Professora da FGV EAESP divulga alerta sobre novo coronavírus

bacteria representando o corona vírus

Volta e meia a população é confrontada com uma nova epidemia, com um novo vírus, que aparece em algum lugar, onde ocorrem muitos casos e as informações e desinformações se multiplicam. Não faz tanto tempo, tivemos epidemias do vírus H1N1, SARS...Janeiro de 2020 foi o mês em que o coronavírus 2019 começou a ganhar as manchetes dos noticiários, online, escritos, televisivos e, como sempre, há muitos assuntos em torno dele.

A primeira coisa a saber é que, apesar de o número de casos ser bastante grande e sua disseminação rápida, a mortalidade por este vírus tem sido relativamente baixa, muito mais concentrada numa população mais frágil (a dos idosos). Neste caso não há vacina, o contágio se dá pessoa a pessoa mas algumas medidas simples, como lavar as mãos, evitar contato desnecessários com pessoas e cobrir a boca ao tossir, têm se mostrado eficazes. 

Algumas atitudes de impacto ou de grande visibilidade têm sido tomadas. Brasileiros que se encontram na China nos primeiros dias de fevereiro pediram para ser repatriados. O mesmo ocorreu com franceses e com estadunidenses. O governo do Canadá, mesmo com grande população de chineses que lá habita, ainda se mobilizou com a mesma intensidade.  Um jornal de grande circulação português postou em manchete a quantidade de mortes por pneumonia, muito maior que a desta doença, para colocar o coronavírus 2019 em perspectiva. 

Por outro lado, o governo chinês assombrou o mundo com a decisão de construir em 10 dias um hospital de 1000 leitos. Isto chamou a atenção pois este prazo é praticamente inédito. No entanto, é necessário pensar no que significam estes 1000 leitos. Em primeiro lugar, estamos falando da população da China. Em segundo lugar, há que pensar qual a intensidade tecnológica de que estes leitos disporão: possivelmente servirão para realizar o diagnóstico e manter os doentes em boas condições hemodinâmicas, enquanto a doença não passa. Em terceiro lugar, é louvável a capacidade que o governo daquele país teve de mobilizar uma grande quantidade de trabalhadores e de desenhar um processo de produção muito ágil para a construção utilizando pré-moldados. Fica, no entanto, o alerta para quem se interessa por realizar um tour de force semelhante de que talvez esses hospitais deixem de ser necessários num período de tempo curto. Ou que deles sejam reorientados para novas finalidades.

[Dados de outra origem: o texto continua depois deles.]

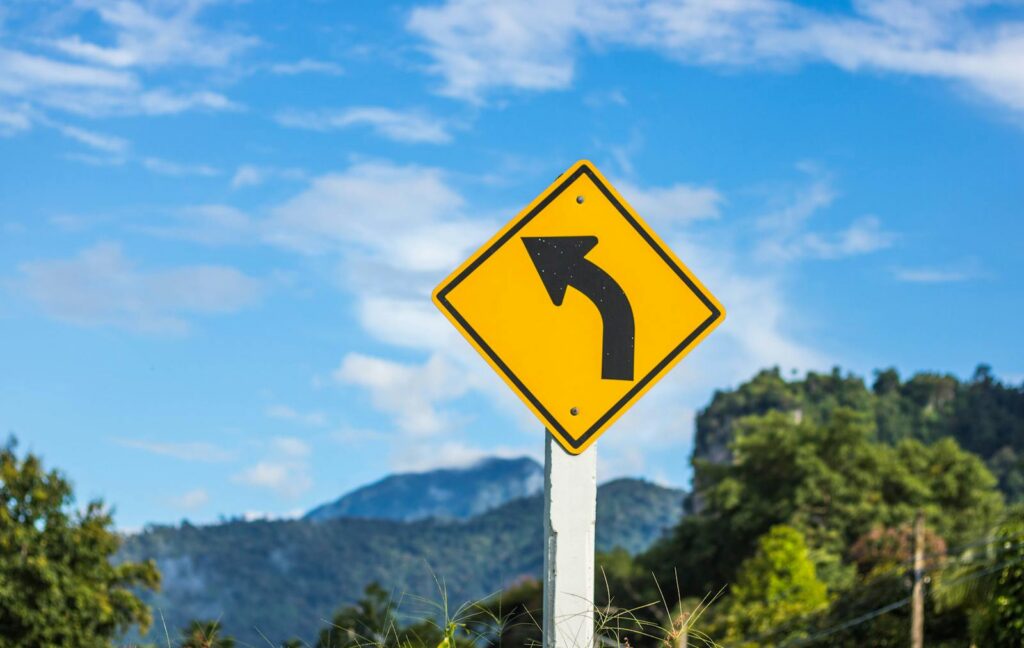 Yellow road sign with a left arrow against a scenic mountain backdrop on a clear day.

Ter medo é importante para desenvolver cautela. O número de casos pelo mundo continuará a aumentar e provavelmente haverá doentes no Brasil. O pânico parece, neste momento, porém, ser descabido. Olhar com desconfiança para quem chegou da China, buscar remédios e máscaras para se cuidar não tem um efeito duradouro. Isto acaba trazendo mais um pouco da chamada medicalização da sociedade, em que produtos substituem hábitos e trazem segurança.  Informação sempre é um dos melhores remédios e, se bem utilizada, traz poucos efeitos colaterais.   

(Texto de Ana Maria Malik )

 

Ana Maria Malik

Doutora em Medicina. Ela leciona na Escola de Administração de Empresas de São Paulo da Fundação Getulio Vargas (FGV EAESP), onde também coordena o Centro de Estudos em Planejamento e Gestão da Saúde da  (FGVsaude) e dirige o Programa de Estudos Avançados em Administração Hospitalar e de Sistemas de Saúde (Proahsa).